Ca tombe sous le sens, mais ça reste d’une élévation de pensée totalement inaccessible à l’establishment turc ! Il est CLAIR, que si un enfant est éduqué dans sa langue maternelle, il voudra prendre les armes contre son pays. Le fait qu’après 80 ans de république négationniste les Kurdes soient toujours là et posent toujours problème n’effleure pas les courageux croisés : la seule solution est la répression, le fusil dans le dos de chaque citoyen.
Pour en revenir à Kerinçsiz, il est également responsable des procès contre Hrant Dink le journaliste turc arménien, de l’interdiction de la conférence arménienne prévue à l’université de bogaziçi, d’une tentative d’interdiction de la conférence sur la question kurde, et du procès de 5 journalistes ayant critique la décision d’interdiction de la conférence arménienne susdite. Il s’est aussi distingué en tentant de faire interdire la venue du Katolikos arménien en juin... C’est en le voyant en photo que j’ai réalisé que j’avais même touché de mes mains le grand homme, le repoussant (contrairement à ses séides au poil ras, il est tout petit et pas franchement impressionant) alors qu’il tentait de m’éjecter avec d’autres d’une exposition sur les émeutes de septembre 1955 en septembre 2005 !

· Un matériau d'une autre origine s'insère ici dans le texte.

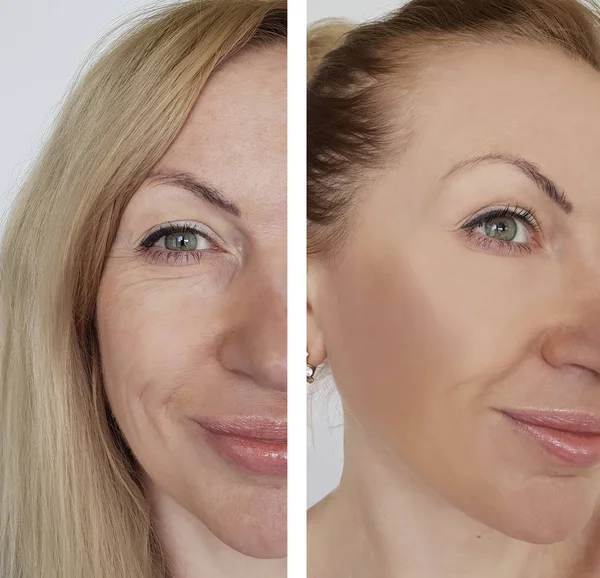 Wanita Wajah Keriput Sebelum Dan Setelah Prosedur Kosmetik — Stok Foto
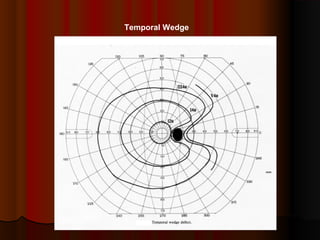 Temporal Wedge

Selon un article du journal Yeni Safak, Kerinçsiz a des fréquentations édifiantes dans les milieux négationnistes et l’Etat profond. Il a notamment participé en avril 2006 à une cérémonie visant à réhabiliter un fonctionnaire ottoman responsable de massacres d’arménien et pendu par le gouvernement provisoire de Mustafa Kemal. La filiation idéologique de ce triste cuistre n’est donc même pas "ultra kémaliste", elle remonte directement au comité union et progrès, aux fondement du nationalisme turc de la fin du XIXème siècle, aux inspirateurs de la "turquification", des émeutes anti-chrétiennes de septembre 1955, des massacres de 1895 et de 1915, aboutissant aujourd’hui aux caciques de l’Etat profond, du MHP, en passant par l’idéologue du MHP Atsiz, qui parvenait dans ses écrits à prouver dans ses écrits que les kurdes n’existaient pas mais qu’ils étaient quand même inférieurs, au colonel Türkes arrêté après la seconde guerre mondiale pour avoir tenté de pousser la Turquie dans le camp Nazi...
La suppression de l’article 301 permettrait à la Turquie de s’économiser une publicité négative dont elle n’a que trop peu besoin, et de mettre hors d’état de nuire des gens comme Kerinçsiz...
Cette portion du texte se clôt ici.